Enhancing Availability of Corporate Retirement Plans

20 Jan 2015

Date: 20 January 2015

Parliamentary Question by Mr Yee Jenn Jong:

To ask the Deputy Prime Minister and Minister for Finance whether the availability of corporate retirement plans will be widened, given the low level of such plans in Singapore which contributes to Singapore's low score on retirement adequacy in the Mercer Melbourne Global Pension Index.

Reply by Senior Minister of State for Transport and Finance Josephine Teo:

Mr Yee may be under the impression that a low level of corporate retirement plans had led to a low score for Singapore in the Mercer Melbourne Global Pension Index.
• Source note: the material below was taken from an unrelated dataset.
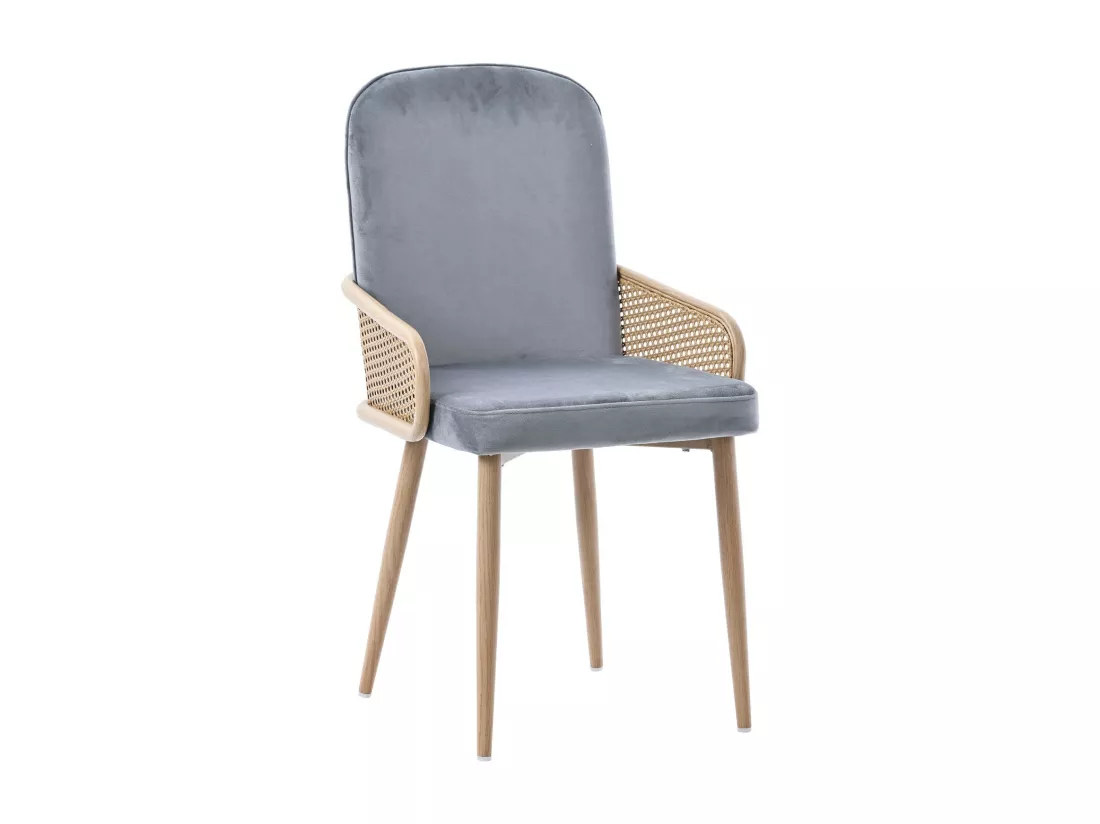 Lot de 6 chaises en métal et rotin, pieds en métal grain de bois, 45x43x90cm, Gris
Singapore was ranked ahead of other Asian countries as well as developed countries such as Germany and the US in this study[1]. Mercer described our system as one with “a sound structure, with many good features, but has some some areas for improvement.”

Given that employers in Singapore make mandatory contributions to their local employees’ Central Provident Fund (CPF) savings, the observation in the study about corporate retirement plans is relevant mainly to foreigners working here, for whom the CPF is not applicable.

The Income Tax Act already provides tax deductions to employers if they wish to provide corporate retirement plans for all of their employees, including foreigners. In addition, foreigners who wish to save on their own may tap on the Supplementary Retirement Scheme, or SRS. They will enjoy tax benefits on the SRS contributions they make. We will continue to review the SRS scheme from time to time.

For the majority of Singaporeans, the CPF remains at the core of our social security system. Beyond mandatory contributions, both individuals and employers can make voluntary contributions to the CPF accounts and enjoy tax benefits. For the less well-off, the Government provides support through top-ups to their CPF accounts, such as through Workfare and housing grants, and the enhanced interest scheme.